Download or read book Persuasive Acts written by Shari Stenberg and published by University of Pittsburgh Press. This book was released on 2020-03-03 with total page 455 pages. Available in PDF, EPUB and Kindle. Book excerpt: In June 2015, Bree Newsome scaled the flagpole in front of South Carolina’s state capitol and removed the Confederate flag. The following month, the Confederate flag was permanently removed from the state capitol. Newsome is a compelling example of a twenty-first-century woman rhetor, along with bloggers, writers, politicians, activists, artists, and everyday social media users, who give new meaning to Aristotle’s ubiquitous definition of rhetoric as the discovery of the “available means of persuasion.” Women’s persuasive acts from the first two decades of the twenty-first century include new technologies and repurposed old ones, engaged not only to persuade, but also to tell their stories, to sponsor change, and to challenge cultural forces that repress and oppress. Persuasive Acts: Women’s Rhetorics in the Twenty-First Century gathers an expansive array of voices and texts from well-known figures including Hillary Rodham Clinton, Malala Yousafzai, Michelle Obama, Lindy West, Sonia Sotomayor, and Chimamanda Ngozi Adichie, so that readers may converse with them, and build rhetorics of their own. Editors Shari J. Stenberg and Charlotte Hogg have complied timely and provocative rhetorics that represent critical issues and rhetorical affordances of the twenty-first century.

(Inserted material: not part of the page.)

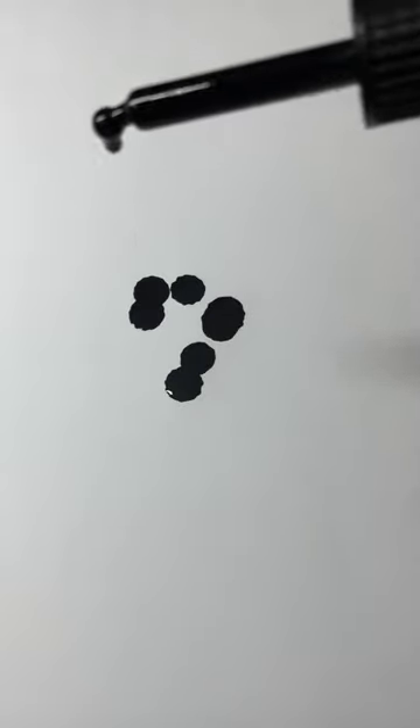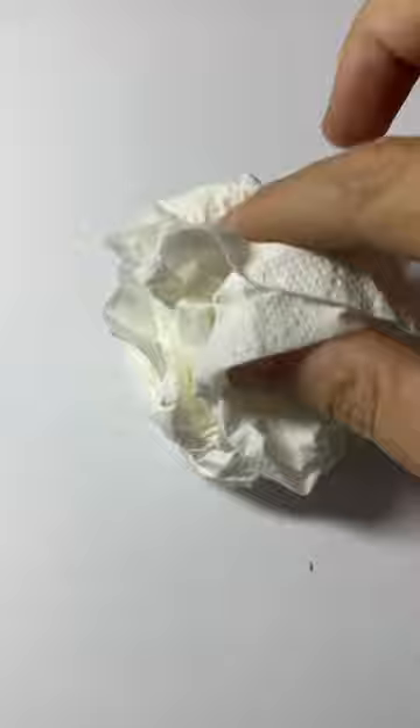A few drops of black ink and dab them. We're going to be doing an armadillo in the style of one of the great ink artists, Kim Diaz-Holm.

Book The Rhetoric of Oil in the Twenty First Century

Download or read book The Rhetoric of Oil in the Twenty First Century written by Heather Graves and published by Routledge. This book was released on 2019-04-05 with total page 306 pages. Available in PDF, EPUB and Kindle. Book excerpt: This book examines mass communication and civic participation in the age of oil, analyzing the rhetorical and discursive ways that governments and corporations shape public opinion and public policy and activists attempt to reframe public debates to resist corporate framing. In the twenty-first century, oil has become a subject of civic deliberation. Environmental concerns have intensified, questions of indigenous rights have arisen, and private and public investment in energy companies has become open to deliberation. International contributors use local events as a starting point to explore larger issues associated with oil-dependent societies and cultures. This interdisciplinary collection synthesizes work in the energy humanities, rhetorical studies and environmental studies to analyze the global discourse of oil from the start of the twentieth century into the era of transnational corporations of the 21st century. This book will be a vital text for scholars in communication studies, the energy humanities and in environmental studies. Case studies are framed accessibly, and the theoretical lenses are accessible across disciplines, making it ideal for a post-graduate and advanced undergraduate audience in these fields.

Book Gertrude Stein and the Reinvention of Rhetoric

Download or read book Gertrude Stein and the Reinvention of Rhetoric written by Sharon Kirsch and published by University of Alabama Press. This book was released on 2014-11-30 with total page 176 pages. Available in PDF, EPUB and Kindle. Book excerpt: Gertrude Stein and the Reinvention of Rhetoric posits that Stein was not only an influential literary modernist, but also one of the twentieth century's preeminent rhetoricians.